お盆棚経
本年も酷暑のお盆の時期がやってまいりました。
棚経周りも例年通り御参りさせていただいております。
先祖供養の文化として日本人に広く浸透しているお盆供養ですが、実はもともとインドにおける説話が起源でございます。
※以下、昨年のお盆記事から引用。
お盆は正式名称を盂蘭盆会(うらぼんえ)と言います。お盆という仏事は「盂蘭盆経」というお経の中に説かれている話が起源となっています。
その話とは次の通りです。
夏の暑いある日、お釈迦様の弟子である目連尊者は、神通力を使って死んでしまった母が今どうしているのかを見てみることにしました。
すると母はなんと餓鬼道という世界に落ちていました。餓鬼道とは食べ物や飲み物がすべて燃え尽きて消滅し、飢えに苛まれ続けるという苦しみの世界です。
母が餓鬼道の世界におちたのは、自分の子供を愛するあまり、吝嗇で他人に冷たくした生前の行いが原因でした。
目連さんは嘆き悲しみました。そしてどうにか母を助ける方法はないかと、お釈迦様に救う方法を聞きに行きました。
するとお釈迦様はこのように目連さんに説きました。
「多くの僧が夏の修行を落ち着ける日(7月15日)に、彼らに対して飲み物や食べ物を提供し、母に代わって施しの功徳を積むことで、餓鬼道の母を救うことができるでしょう。」
お釈迦様の説かれた通りに目連さんが供養をすると、母は救われ餓鬼道の苦しみから解放されたのでした。

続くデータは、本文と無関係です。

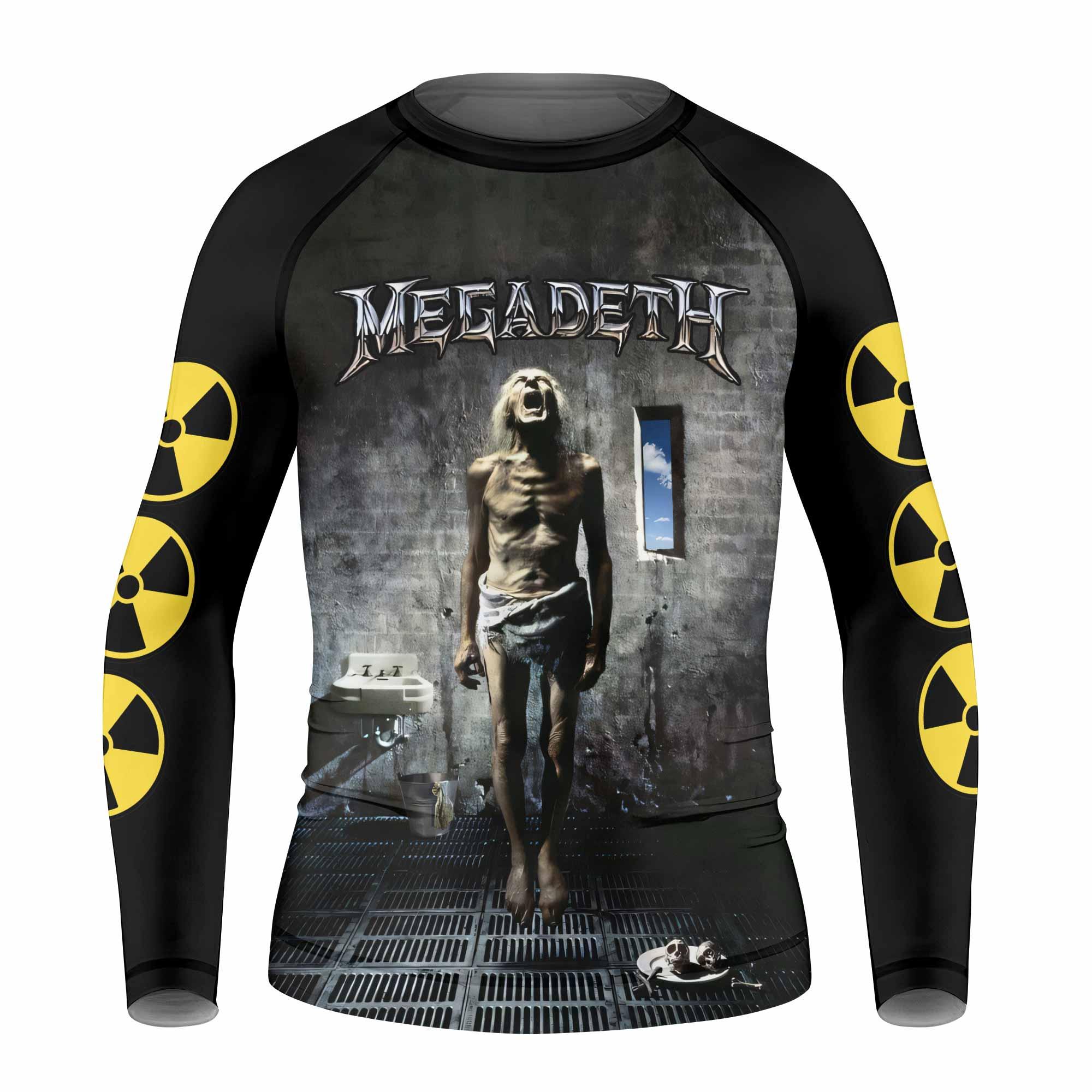 Megadeth Prison of Flesh Kids Rash Guard Long Sleeve - front view mockup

この盂蘭盆経の説話がもととなり、7月(または8月)半ばに先祖供養を行う期間を「盂蘭盆会」と呼ぶようになりました。そしてその盂蘭盆会にあわせ、先祖供養のために徳を積むべく、餓鬼道の人々を供養する仏事を「施餓鬼会」と呼びます。
昨今の日本の夏はインドを想わせる酷暑となっておりますが、先祖供養の際は目連さんのような涼やかな心で臨みたいものです。
ちなみに一説では、目連さんの母が餓鬼道を脱したことに喜んだお釈迦様の弟子たちが、歓喜してその場で踊り始めたのが、現代の盆踊りの起源とも言われております。
〇空海さんの御言葉〇
「聖人の薬を投じること、機の深浅に随い、賢者の説黙は時を待ち人を待つ。」
・釈迦のような聖人が教えを説く様は、まるで医者が病気に応じて薬を処方するようである。機に応じて人に応じて適切な説法を送る。それ故に黙して語らず時を待つこともある。